→ What is needed: Below are some records; reproduce them exactly.

*****

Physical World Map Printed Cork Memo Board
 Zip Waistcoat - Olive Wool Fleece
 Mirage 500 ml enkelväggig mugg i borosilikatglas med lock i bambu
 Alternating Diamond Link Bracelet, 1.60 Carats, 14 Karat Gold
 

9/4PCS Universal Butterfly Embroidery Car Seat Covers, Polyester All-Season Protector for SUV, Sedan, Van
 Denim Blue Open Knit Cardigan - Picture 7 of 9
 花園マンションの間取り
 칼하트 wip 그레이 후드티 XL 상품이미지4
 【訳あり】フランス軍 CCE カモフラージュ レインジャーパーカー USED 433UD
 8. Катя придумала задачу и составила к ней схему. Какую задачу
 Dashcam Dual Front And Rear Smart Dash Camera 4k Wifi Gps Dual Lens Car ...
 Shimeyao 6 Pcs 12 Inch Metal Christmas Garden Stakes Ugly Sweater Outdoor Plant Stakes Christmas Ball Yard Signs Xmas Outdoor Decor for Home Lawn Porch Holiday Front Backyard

*****

→ Written solution:
Physical World Map Printed Cork Memo Board
 Zip Waistcoat - Olive Wool Fleece
 Mirage 500 ml enkelväggig mugg i borosilikatglas med lock i bambu
 Alternating Diamond Link Bracelet, 1.60 Carats, 14 Karat Gold
 

9/4PCS Universal Butterfly Embroidery Car Seat Covers, Polyester All-Season Protector for SUV, Sedan, Van
 Denim Blue Open Knit Cardigan - Picture 7 of 9
 花園マンションの間取り
 칼하트 wip 그레이 후드티 XL 상품이미지4
 【訳あり】フランス軍 CCE カモフラージュ レインジャーパーカー USED 433UD
 8. Катя придумала задачу и составила к ней схему. Какую задачу
 Dashcam Dual Front And Rear Smart Dash Camera 4k Wifi Gps Dual Lens Car ...
 Shimeyao 6 Pcs 12 Inch Metal Christmas Garden Stakes Ugly Sweater Outdoor Plant Stakes Christmas Ball Yard Signs Xmas Outdoor Decor for Home Lawn Porch Holiday Front Backyard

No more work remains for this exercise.